Dad’s father had owned a successful sign company, the J.D. Kimel Sign Company, and Dad used to work for him after school and during the summer when he was young. (Uncle Bill worked for him too.) When my family was visiting in Winston, years later, Dad would drive us around town at night so we could see the neon signs, glowing like stars, that he (Dad) and his father had built so long ago.

“Yeah, that was one of ours, kids,” he’d say, pointing out the window, and his voice was wistful though he smiled.

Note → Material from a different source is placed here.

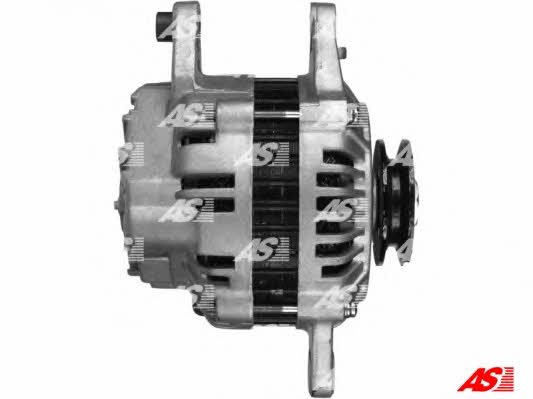 Buy AS-PL A9010 at a low price in United Arab Emirates!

Two years before he died, Dad’s father had gotten very sick with congestive heart failure and had been forced to sell the sign company. He wanted to give it to Dad, but Dad wanted to stay in college; he was the first in his family to go to college and had decided to pursue a Ph.D. in physics. So Uncle Bill bought the sign company.

As a child, I could never understand why my father had given up the sign company, why he had given up everything, all connection to the past, why we lived so far away, in such isolation. I could never understand why we lived the way we did. It always seemed, to me, we were in exile. Dad spoke so highly of his family, but we rarely saw them. Winston was the greatest place on earth, yet we hardly ever went there. Why? As a child, this was my constant, secret question.

Did Dad secretly hate his family? Had he been somehow hurt, driven away? Or did he simply lack the capacity to be close to people? I could never figure out the answers, but my greatest wish was that our separation would end.

And so on those precious trips to Winston-Salem, to Aunt Nancy and Uncle Bill’s, I would gaze at Aunt Nancy’s china with delight and secret envy. I’m sure it’s no coincidence that Aunt Nancy collected Wild Strawberry and now I do too. Even the smallest, most frivolous decisions (like what kind of tea cup to buy) are often influenced by ancient memories and desires.